START Recorded data

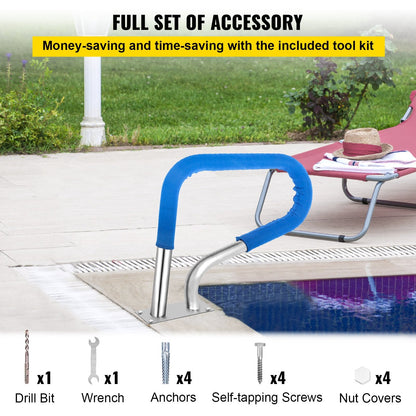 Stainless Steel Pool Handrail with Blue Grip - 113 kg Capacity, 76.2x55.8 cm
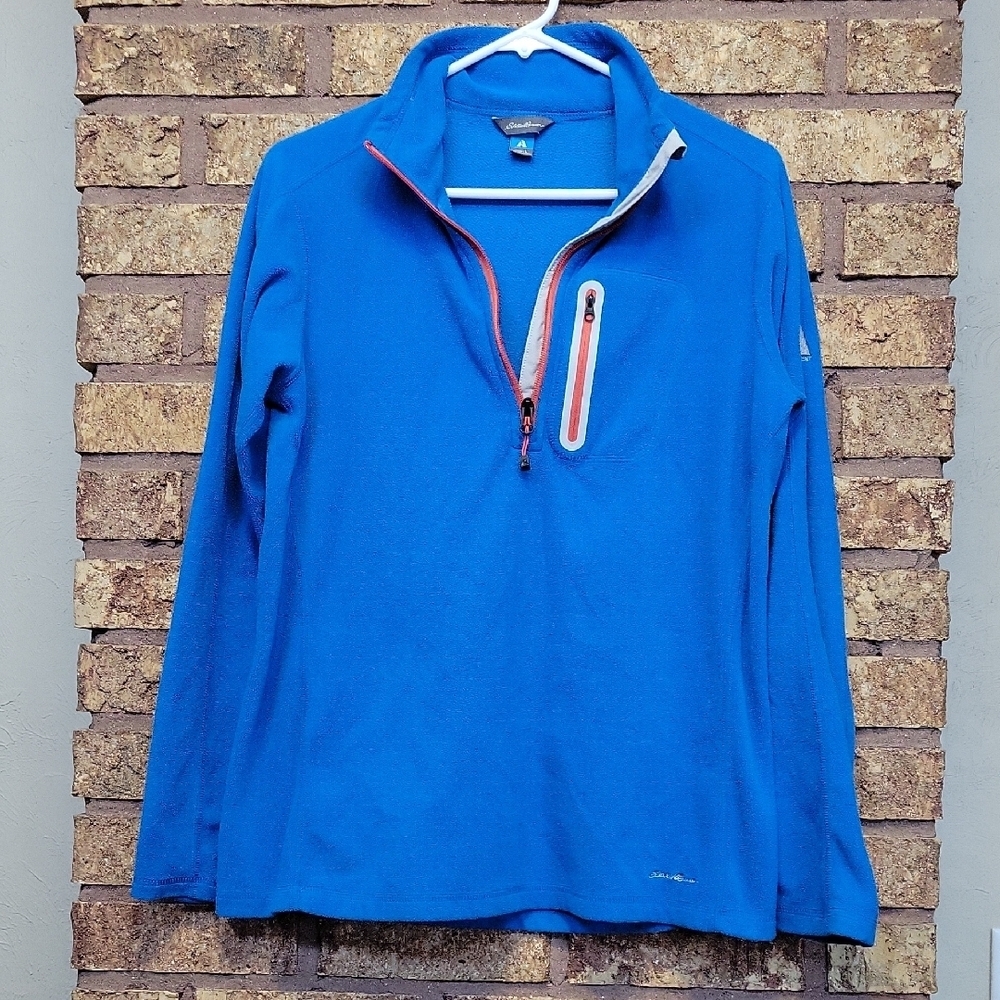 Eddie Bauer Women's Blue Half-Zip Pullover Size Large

END Recorded data
START Recorded data

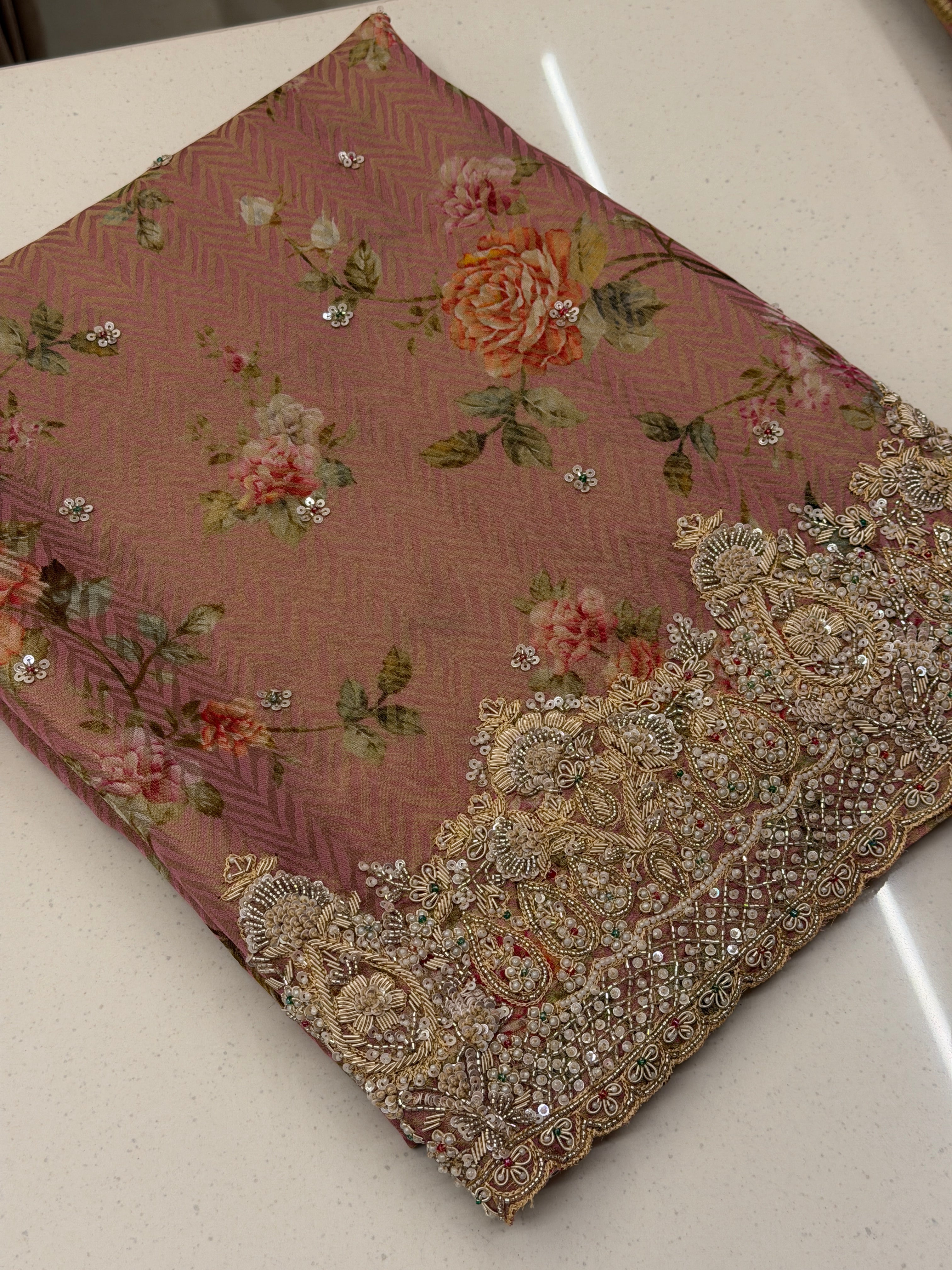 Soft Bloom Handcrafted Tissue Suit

END Recorded data

- **Work instruction**
Please transcribe exactly the part of the records that opens with the line containing "Stainless Steel Pool" and closes with the line containing "Eddie Bauer Women's", both ends included, and leave out the pictures.

- **Completed task**
 Stainless Steel Pool Handrail with Blue Grip - 113 kg Capacity, 76.2x55.8 cm
 Eddie Bauer Women's Blue Half-Zip Pullover Size Large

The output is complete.